• **Items listed in a dataset**:
══════════
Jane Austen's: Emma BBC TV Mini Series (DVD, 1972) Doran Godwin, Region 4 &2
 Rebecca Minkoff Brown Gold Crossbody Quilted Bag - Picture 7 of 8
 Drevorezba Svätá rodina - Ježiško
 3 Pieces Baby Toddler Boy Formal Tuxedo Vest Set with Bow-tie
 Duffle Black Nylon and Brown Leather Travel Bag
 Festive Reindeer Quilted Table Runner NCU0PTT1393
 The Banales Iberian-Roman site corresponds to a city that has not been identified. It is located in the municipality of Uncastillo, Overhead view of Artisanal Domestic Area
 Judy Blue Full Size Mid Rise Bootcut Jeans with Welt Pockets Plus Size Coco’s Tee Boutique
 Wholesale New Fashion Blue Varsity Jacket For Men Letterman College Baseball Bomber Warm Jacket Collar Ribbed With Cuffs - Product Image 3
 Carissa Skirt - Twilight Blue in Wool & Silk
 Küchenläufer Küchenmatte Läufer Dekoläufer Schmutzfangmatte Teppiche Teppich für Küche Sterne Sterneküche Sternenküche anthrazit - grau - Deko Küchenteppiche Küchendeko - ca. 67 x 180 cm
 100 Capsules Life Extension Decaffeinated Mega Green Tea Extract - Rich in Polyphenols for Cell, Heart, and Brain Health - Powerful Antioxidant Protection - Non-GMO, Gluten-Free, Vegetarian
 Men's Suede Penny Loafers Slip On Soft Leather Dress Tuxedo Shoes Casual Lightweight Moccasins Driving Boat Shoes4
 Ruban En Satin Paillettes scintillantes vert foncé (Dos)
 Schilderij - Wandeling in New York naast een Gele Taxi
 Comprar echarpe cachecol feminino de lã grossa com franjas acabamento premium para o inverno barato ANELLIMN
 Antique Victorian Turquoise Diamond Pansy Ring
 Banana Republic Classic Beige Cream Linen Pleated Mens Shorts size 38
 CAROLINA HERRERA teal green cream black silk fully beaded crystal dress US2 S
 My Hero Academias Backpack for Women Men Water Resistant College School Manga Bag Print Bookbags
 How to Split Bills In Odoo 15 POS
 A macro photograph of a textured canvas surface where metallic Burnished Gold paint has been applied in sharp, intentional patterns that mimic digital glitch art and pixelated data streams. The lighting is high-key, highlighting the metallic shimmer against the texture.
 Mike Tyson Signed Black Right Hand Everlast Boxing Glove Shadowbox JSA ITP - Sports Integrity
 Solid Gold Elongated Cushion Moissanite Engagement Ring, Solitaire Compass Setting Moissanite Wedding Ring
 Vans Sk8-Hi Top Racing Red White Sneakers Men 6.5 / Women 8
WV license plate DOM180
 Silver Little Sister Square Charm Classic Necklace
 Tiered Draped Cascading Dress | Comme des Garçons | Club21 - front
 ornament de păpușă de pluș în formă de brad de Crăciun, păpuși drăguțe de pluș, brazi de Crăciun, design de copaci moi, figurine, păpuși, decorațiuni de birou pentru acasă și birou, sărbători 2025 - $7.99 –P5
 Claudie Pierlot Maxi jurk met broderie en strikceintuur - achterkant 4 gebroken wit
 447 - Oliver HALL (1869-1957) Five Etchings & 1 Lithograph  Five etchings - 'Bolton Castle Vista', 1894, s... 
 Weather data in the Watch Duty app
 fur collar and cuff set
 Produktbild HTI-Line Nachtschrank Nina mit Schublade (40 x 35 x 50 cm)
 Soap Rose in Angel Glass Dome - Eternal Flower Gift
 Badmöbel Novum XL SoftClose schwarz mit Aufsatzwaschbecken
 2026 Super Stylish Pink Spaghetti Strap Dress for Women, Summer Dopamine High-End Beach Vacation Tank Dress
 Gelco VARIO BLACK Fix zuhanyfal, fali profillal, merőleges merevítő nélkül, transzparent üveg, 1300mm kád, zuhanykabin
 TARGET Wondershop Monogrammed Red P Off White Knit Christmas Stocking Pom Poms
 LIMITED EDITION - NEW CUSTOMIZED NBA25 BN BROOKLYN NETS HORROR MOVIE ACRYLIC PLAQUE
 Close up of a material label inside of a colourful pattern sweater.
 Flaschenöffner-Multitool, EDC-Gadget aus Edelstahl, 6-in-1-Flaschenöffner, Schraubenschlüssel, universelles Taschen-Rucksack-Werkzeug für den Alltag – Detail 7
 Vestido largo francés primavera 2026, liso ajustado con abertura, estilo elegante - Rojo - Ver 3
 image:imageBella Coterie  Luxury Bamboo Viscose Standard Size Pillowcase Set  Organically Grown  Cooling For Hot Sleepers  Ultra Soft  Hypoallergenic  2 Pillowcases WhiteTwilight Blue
══════════
• **EXERCISE OBJECTIVE**: The expected response reproduces all of the data precisely.

• **YOUR RESPONSE**:
Jane Austen's: Emma BBC TV Mini Series (DVD, 1972) Doran Godwin, Region 4 &2
 Rebecca Minkoff Brown Gold Crossbody Quilted Bag - Picture 7 of 8
 Drevorezba Svätá rodina - Ježiško
 3 Pieces Baby Toddler Boy Formal Tuxedo Vest Set with Bow-tie
 Duffle Black Nylon and Brown Leather Travel Bag
 Festive Reindeer Quilted Table Runner NCU0PTT1393
 The Banales Iberian-Roman site corresponds to a city that has not been identified. It is located in the municipality of Uncastillo, Overhead view of Artisanal Domestic Area
 Judy Blue Full Size Mid Rise Bootcut Jeans with Welt Pockets Plus Size Coco’s Tee Boutique
 Wholesale New Fashion Blue Varsity Jacket For Men Letterman College Baseball Bomber Warm Jacket Collar Ribbed With Cuffs - Product Image 3
 Carissa Skirt - Twilight Blue in Wool & Silk
 Küchenläufer Küchenmatte Läufer Dekoläufer Schmutzfangmatte Teppiche Teppich für Küche Sterne Sterneküche Sternenküche anthrazit - grau - Deko Küchenteppiche Küchendeko - ca. 67 x 180 cm
 100 Capsules Life Extension Decaffeinated Mega Green Tea Extract - Rich in Polyphenols for Cell, Heart, and Brain Health - Powerful Antioxidant Protection - Non-GMO, Gluten-Free, Vegetarian
 Men's Suede Penny Loafers Slip On Soft Leather Dress Tuxedo Shoes Casual Lightweight Moccasins Driving Boat Shoes4
 Ruban En Satin Paillettes scintillantes vert foncé (Dos)
 Schilderij - Wandeling in New York naast een Gele Taxi
 Comprar echarpe cachecol feminino de lã grossa com franjas acabamento premium para o inverno barato ANELLIMN
 Antique Victorian Turquoise Diamond Pansy Ring
 Banana Republic Classic Beige Cream Linen Pleated Mens Shorts size 38
 CAROLINA HERRERA teal green cream black silk fully beaded crystal dress US2 S
 My Hero Academias Backpack for Women Men Water Resistant College School Manga Bag Print Bookbags
 How to Split Bills In Odoo 15 POS
 A macro photograph of a textured canvas surface where metallic Burnished Gold paint has been applied in sharp, intentional patterns that mimic digital glitch art and pixelated data streams. The lighting is high-key, highlighting the metallic shimmer against the texture.
 Mike Tyson Signed Black Right Hand Everlast Boxing Glove Shadowbox JSA ITP - Sports Integrity
 Solid Gold Elongated Cushion Moissanite Engagement Ring, Solitaire Compass Setting Moissanite Wedding Ring
 Vans Sk8-Hi Top Racing Red White Sneakers Men 6.5 / Women 8
WV license plate DOM180
 Silver Little Sister Square Charm Classic Necklace
 Tiered Draped Cascading Dress | Comme des Garçons | Club21 - front
 ornament de păpușă de pluș în formă de brad de Crăciun, păpuși drăguțe de pluș, brazi de Crăciun, design de copaci moi, figurine, păpuși, decorațiuni de birou pentru acasă și birou, sărbători 2025 - $7.99 –P5
 Claudie Pierlot Maxi jurk met broderie en strikceintuur - achterkant 4 gebroken wit
 447 - Oliver HALL (1869-1957) Five Etchings & 1 Lithograph  Five etchings - 'Bolton Castle Vista', 1894, s... 
 Weather data in the Watch Duty app
 fur collar and cuff set
 Produktbild HTI-Line Nachtschrank Nina mit Schublade (40 x 35 x 50 cm)
 Soap Rose in Angel Glass Dome - Eternal Flower Gift
 Badmöbel Novum XL SoftClose schwarz mit Aufsatzwaschbecken
 2026 Super Stylish Pink Spaghetti Strap Dress for Women, Summer Dopamine High-End Beach Vacation Tank Dress
 Gelco VARIO BLACK Fix zuhanyfal, fali profillal, merőleges merevítő nélkül, transzparent üveg, 1300mm kád, zuhanykabin
 TARGET Wondershop Monogrammed Red P Off White Knit Christmas Stocking Pom Poms
 LIMITED EDITION - NEW CUSTOMIZED NBA25 BN BROOKLYN NETS HORROR MOVIE ACRYLIC PLAQUE
 Close up of a material label inside of a colourful pattern sweater.
 Flaschenöffner-Multitool, EDC-Gadget aus Edelstahl, 6-in-1-Flaschenöffner, Schraubenschlüssel, universelles Taschen-Rucksack-Werkzeug für den Alltag – Detail 7
 Vestido largo francés primavera 2026, liso ajustado con abertura, estilo elegante - Rojo - Ver 3
 image:imageBella Coterie  Luxury Bamboo Viscose Standard Size Pillowcase Set  Organically Grown  Cooling For Hot Sleepers  Ultra Soft  Hypoallergenic  2 Pillowcases WhiteTwilight Blue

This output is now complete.